Extract the results:

.. code:: ipython3

    print("loss = ", test.energy)
    print("method: ", mthd)
    print("method parameters: ", mthd_opt)
    print("execution time = ", (t1-t0)/60, " min")
    
    print(test.history.plot('energies', label='loss'))
    print(test.history.plot('angles', label=""))

Test
----

Once trained, we have the optimal parameters for the classifier stored
in ``test.angles``. We run again the classifier with the test data set
and with these parameters fixed.

.. code:: ipython3

    test_set = 1000
    
    # initialize
    xval_test, yval_test, yval_rand, yval_real = [], [], [], []
    suc = 0 # success
    suc_rand = 0 # random success
    
    for i in range(test_set):
        
        # random test point
        x = 2 * (np.random.rand(2)) - 1
        
        # state generated by the trained classifier
        qc = qcircuit(x, param)
        wfn_qc = tq.simulate(qc, variables=test.angles) 
            
        if nclass == 2:
            
            # compute the fidelity respect to one of the label states, the |0>
            f = abs(wfn_qc.inner(targ_wfn(0,nclass)))**2
    
            y = 1
            # if fidelity is >= 0.5, we conclude that this state belongs to |0> class
            # (|1> class otherwise)
            if f >= 0.5:
                y = 0
                
            # check the real class of the data point
            y_real = circle(random=False, x_input=x)
            
        else:
            raise Exception("nclass = {} is not considered".format(nclass))
        
        # compute success rate 
        if y == y_real:
            suc = suc + 1
            
        # compute random success rate 
        yrand = np.random.randint(0, nclass-1)
        if yrand == y_real:
            suc_rand = suc_rand + 1
            
        xval_test.append(x)
        yval_test.append(y)
        yval_real.append(y_real)
        
    print("success %: ", 100*suc/test_set,"%")
    print("random success %: ", 100*suc_rand/test_set,"%")

Print results:

.. code:: ipython3

    def plot_data(x, y, nclass, fig=None, ax=None):
        """
        Arg:
            - x (array[tuple]): data points
            - y (array[int]): data labels
            - nclass (int): number of classes
        Returns:
            - Plot
        """    
        if fig == None:
            fig, ax = plt.subplots(1, 1, figsize=(5, 5))
         
        # colors and labels
        col = ["red","blue","green","yellow"]
        lab = [0,1,2,3]
        
        for i in range(nclass):
            ax.scatter(x[y == lab[i], 0], x[y == lab[i], 1], c=col[i], s=20, edgecolor="k")
        ax.set_xlabel("$x_1$")
        ax.set_ylabel("$x_2$")

.. code:: ipython3

    xval_test = np.array(xval_test)
    yval_test = np.array(yval_test)
    yval_real = np.array(yval_real)
    
    fig, axes = plt.subplots(1, 2, figsize=(6, 3))
    
    plot_data(xval_test, yval_test, nclass, fig, axes[0])
    plot_data(xval_test, yval_real, nclass, fig, axes[1])
    
    axes[0].set_title("Single-qubit class. {} layers".format(layers))
    axes[1].set_title("True test data")
    fig.tight_layout(pad=0.5)
    plt.show()
    
    t2 = time.time()
    print("Total execution time: ", (t2-t0)/60," min.")

Improvements and customization
------------------------------

This tutorial just shows a simple classification example.

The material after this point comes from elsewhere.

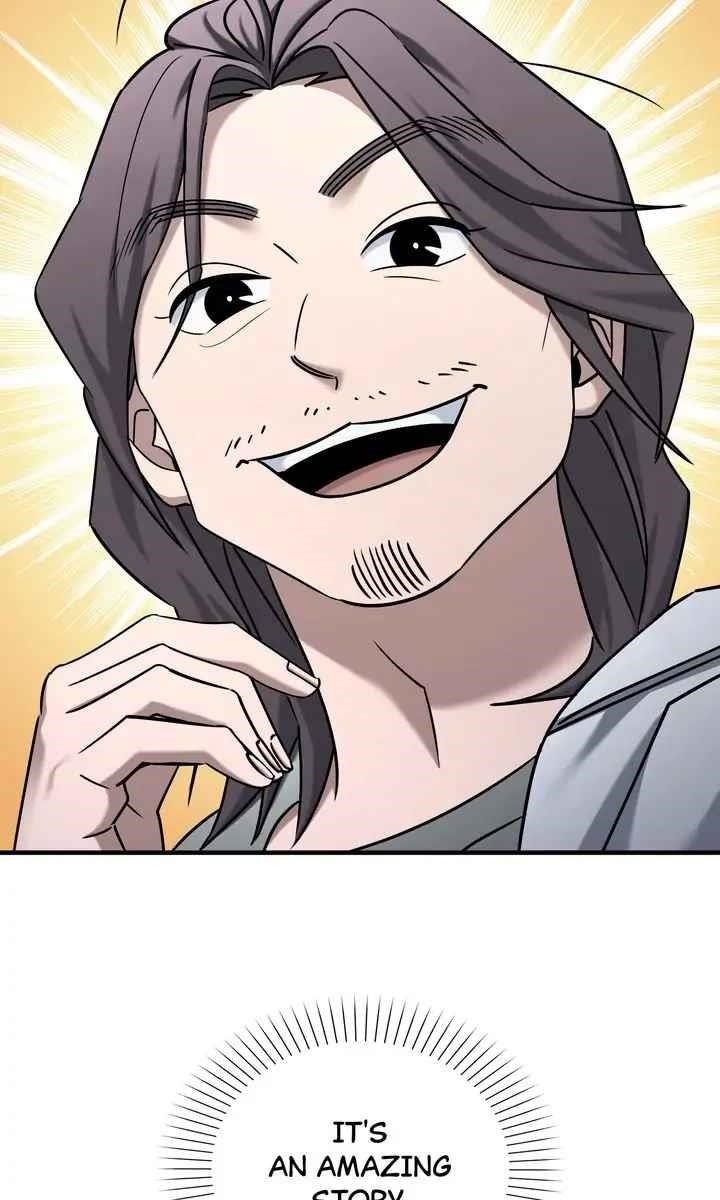 Cheolsu Saves the World Chapter 49 - Page 27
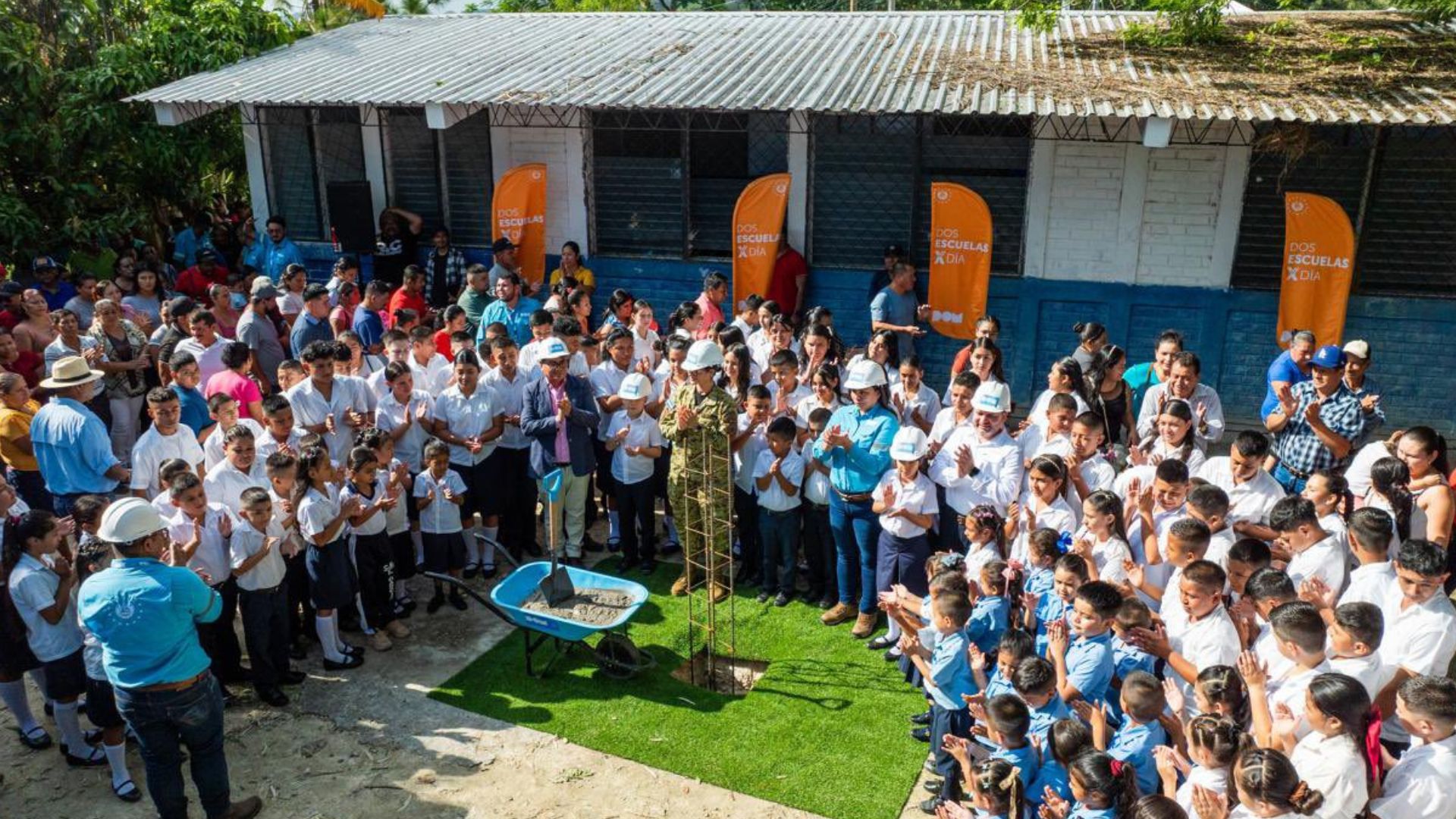 Metapán sigue transformándose con importantes proyectos de infraestructura metapan-sigue-transformandose-con-importantes-proyectos-de-infraestructura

It is
constructed in a way that one can easily change the classification model
and try more sophisticated problems comprising more classes. To do so,
one should define the target states for >2 classes, i.e. include more
vectors in the Bloch sphere.

The single-qubit classifier circuit can also be modified to include
higher dimensional data or to increase/reduce the number of parameters
per layer.

The cost function can also be improved. See for instance the weigthed
fidelity cost function proposed in the main reference.

Finally, the core of any variational algorithm is the minimization
method. Tequila provides many methods besides the scipy ones. See the
`optimizers
tutorial <https://github.com/aspuru-guzik-group/tequila/blob/master/tutorials/Optimizer_Tutorial.ipynb>`__
for more information. Notice also that the algorithm starts with a
random initialization. It is well-known that random initialization in
variational circuits leads to a barren-plateaus problem when computing
the gradients. This problem can be avoided by providing a good
initialization guess.

Another possibility to play with expoloiting other Tequila modules is to
use Phoenics for initial exploration and a gradient based optimizer with
the best Phoenics results as starting point (see Phoenics
documentation).